(Task item)
Give back the entries exactly, ending with the "BMW 118, 2.0 l., hatchback" line.

[[ Provided material, beginning ]]

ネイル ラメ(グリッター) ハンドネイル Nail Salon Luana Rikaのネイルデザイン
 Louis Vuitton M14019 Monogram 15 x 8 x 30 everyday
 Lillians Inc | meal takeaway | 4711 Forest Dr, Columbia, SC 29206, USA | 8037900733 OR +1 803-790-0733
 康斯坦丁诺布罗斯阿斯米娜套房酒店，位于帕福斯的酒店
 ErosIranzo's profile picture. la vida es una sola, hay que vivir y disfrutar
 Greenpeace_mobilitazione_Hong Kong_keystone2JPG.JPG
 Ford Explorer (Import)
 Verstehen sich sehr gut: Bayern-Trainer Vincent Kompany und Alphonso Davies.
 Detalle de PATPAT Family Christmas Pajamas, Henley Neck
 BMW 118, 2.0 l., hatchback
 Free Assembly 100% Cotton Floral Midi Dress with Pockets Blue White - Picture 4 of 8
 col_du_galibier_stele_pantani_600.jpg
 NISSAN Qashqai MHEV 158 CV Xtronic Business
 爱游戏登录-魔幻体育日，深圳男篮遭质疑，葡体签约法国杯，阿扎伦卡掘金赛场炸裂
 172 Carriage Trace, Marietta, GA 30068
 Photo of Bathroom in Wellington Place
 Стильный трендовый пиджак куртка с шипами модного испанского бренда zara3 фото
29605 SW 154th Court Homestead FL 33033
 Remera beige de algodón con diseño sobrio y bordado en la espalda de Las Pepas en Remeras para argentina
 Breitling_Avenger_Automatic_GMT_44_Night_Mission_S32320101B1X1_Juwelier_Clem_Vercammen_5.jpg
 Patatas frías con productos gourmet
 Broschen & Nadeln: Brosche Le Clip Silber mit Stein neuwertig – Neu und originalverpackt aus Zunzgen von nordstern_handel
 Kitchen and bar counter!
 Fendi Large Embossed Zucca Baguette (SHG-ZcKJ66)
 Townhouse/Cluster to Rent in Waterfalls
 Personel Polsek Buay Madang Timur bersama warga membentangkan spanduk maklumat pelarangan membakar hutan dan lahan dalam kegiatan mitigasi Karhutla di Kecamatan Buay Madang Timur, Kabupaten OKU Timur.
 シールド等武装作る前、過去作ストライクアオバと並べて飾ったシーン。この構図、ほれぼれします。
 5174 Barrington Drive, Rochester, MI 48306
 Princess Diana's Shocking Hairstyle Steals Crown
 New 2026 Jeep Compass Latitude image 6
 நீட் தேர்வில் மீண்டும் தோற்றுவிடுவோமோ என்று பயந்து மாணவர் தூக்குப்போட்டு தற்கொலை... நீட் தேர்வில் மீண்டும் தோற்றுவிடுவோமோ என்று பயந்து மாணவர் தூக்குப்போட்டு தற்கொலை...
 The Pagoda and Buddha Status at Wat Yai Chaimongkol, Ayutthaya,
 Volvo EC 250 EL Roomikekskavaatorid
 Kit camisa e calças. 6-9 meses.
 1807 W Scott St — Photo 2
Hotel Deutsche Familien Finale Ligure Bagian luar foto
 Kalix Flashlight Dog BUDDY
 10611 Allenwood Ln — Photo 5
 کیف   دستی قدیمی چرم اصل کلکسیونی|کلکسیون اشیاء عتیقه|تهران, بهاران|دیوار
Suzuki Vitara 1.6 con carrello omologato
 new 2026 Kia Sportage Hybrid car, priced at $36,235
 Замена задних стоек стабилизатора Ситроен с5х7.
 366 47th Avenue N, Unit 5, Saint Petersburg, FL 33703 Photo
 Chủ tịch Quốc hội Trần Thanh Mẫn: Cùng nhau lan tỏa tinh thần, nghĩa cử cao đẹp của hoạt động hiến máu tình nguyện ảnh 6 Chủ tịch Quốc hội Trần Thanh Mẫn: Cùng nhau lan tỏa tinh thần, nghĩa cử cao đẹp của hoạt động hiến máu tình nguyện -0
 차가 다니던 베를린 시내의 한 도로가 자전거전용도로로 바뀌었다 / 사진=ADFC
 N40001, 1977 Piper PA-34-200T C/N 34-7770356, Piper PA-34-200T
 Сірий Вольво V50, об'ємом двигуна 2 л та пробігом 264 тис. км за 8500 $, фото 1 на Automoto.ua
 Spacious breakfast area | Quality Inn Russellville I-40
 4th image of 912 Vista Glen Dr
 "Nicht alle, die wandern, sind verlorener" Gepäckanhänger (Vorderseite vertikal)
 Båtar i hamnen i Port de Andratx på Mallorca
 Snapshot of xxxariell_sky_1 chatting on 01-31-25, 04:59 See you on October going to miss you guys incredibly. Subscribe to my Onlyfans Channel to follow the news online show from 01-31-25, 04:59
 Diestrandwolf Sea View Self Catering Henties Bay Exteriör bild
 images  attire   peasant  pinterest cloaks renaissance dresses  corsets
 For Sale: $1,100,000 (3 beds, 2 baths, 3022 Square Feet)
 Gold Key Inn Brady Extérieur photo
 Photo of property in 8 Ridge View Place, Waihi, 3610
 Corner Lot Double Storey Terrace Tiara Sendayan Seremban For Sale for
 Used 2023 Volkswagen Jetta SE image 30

[[ Provided material, end ]]

(Task answer)
ネイル ラメ(グリッター) ハンドネイル Nail Salon Luana Rikaのネイルデザイン
 Louis Vuitton M14019 Monogram 15 x 8 x 30 everyday
 Lillians Inc | meal takeaway | 4711 Forest Dr, Columbia, SC 29206, USA | 8037900733 OR +1 803-790-0733
 康斯坦丁诺布罗斯阿斯米娜套房酒店，位于帕福斯的酒店
 ErosIranzo's profile picture. la vida es una sola, hay que vivir y disfrutar
 Greenpeace_mobilitazione_Hong Kong_keystone2JPG.JPG
 Ford Explorer (Import)
 Verstehen sich sehr gut: Bayern-Trainer Vincent Kompany und Alphonso Davies.
 Detalle de PATPAT Family Christmas Pajamas, Henley Neck
 BMW 118, 2.0 l., hatchback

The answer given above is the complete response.